図1:IO-Linkは、IO-Linkプライマリを介してフィールドバスやEthernetネットワークに簡単に統合することで、既存のネットワークプロトコルを補完します。IO-LinkプライマリとそのIO-Linkデバイス間の接続は、非シールド/非スクリーンの3線または5線ケーブルを介して行われます。このケーブルは、IO-Linkデバイスに電力を供給することもできます。ここでは、プライマリからの電源は24VDCです。(画像提供:Pepperl+Fuchs)
産業用コネクティビティを支える重要な実現技術は、標準化されたネットワークと、オンボードの通信機能を備えたデバイスです。これらの機能のためのプロトコルは豊富にあります。しかし、すべての産業用プロトコルが、現在のオートメーションに求められるデータ交換やインテリジェンスの要件を満たしているわけではありません。IO-Linkは、これらの幅広い最新アプリケーションに対応するために作成されました。

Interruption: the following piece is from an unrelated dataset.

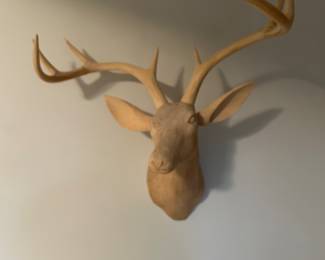 Wooden carved deer head
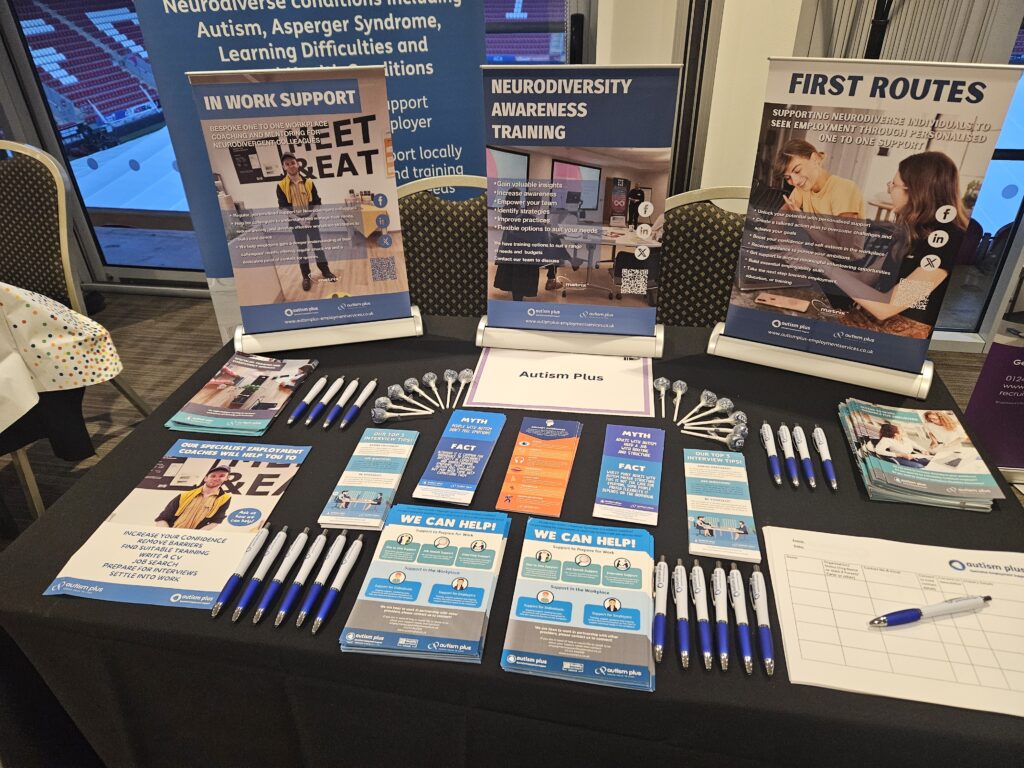 image of a table at an event with leaflets and pens on display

digikey.comの以前の記事でも紹介しましたが、IO-Linkはデバイス間のスマートな双方向データ通信を促進する、有線のポイントツーポイント通信プロトコルです。IO-Linkプライマリ(ローカルコントローラ)は一般的に、さまざまなIO-Linkデバイスが独立して差し込める複数のIO-Linkポート(チャンネル)を備えています。このようなノード間のエンドポイント接続により、IO-Linkはポイントツーポイントの通信プロトコルとなっています。
2009年に41社のメンバーからなるコンソーシアムによって開始されたIO-Linkは、現在では数百社のメンバー企業を擁し、以下の目的で重要なデータを利用するための通信プロトコルとして広く受け入れられています。
- オペレーションの最適化
- ダウンタイムの削減とメンテナンスの合理化
- 原材料費の削減と戦略的な業務的意思決定の実施
統一されたIO-LinkインターフェースはIEC 61131-9規格で定義されており、Siemens、Omron Corp.、ifm Efector、Balluff、Cinch Connectivity、Banner Engineering、Rockwell Automation、SICK、Pepperl+Fuchsをはじめとする数多くの部品・システムメーカーがサポートしています。組立オートメーション、工作機械、イントラロジスティクスが関係する業務でIO-Link接続が広く活用されているのも不思議ではありません。このような産業界での主な用途としては、ステータス通信、機械制御、デバイスのインテリジェント化の3つが挙げられます。
IO-Linkコントローラのモードと用途の相関性
図2:接続ケーブルに使用するコネクタのタイプは、ポートのタイプに応じて異なります。IO-LinkのクラスAのプライマリポートは、最大4ピンを備えたM8またはM12コネクタ(ここに示すifm efectorのAL1120など)に対応します。クラスBのプライマリポートは、5ピンのM12コネクタ(双方向データ通信用)を備えたデバイスとの接続に対応します。プライマリのポートに割り当てられるモードは、接続されているデバイスや現在の動作によって常に決まります。(画像提供:ifm Efector)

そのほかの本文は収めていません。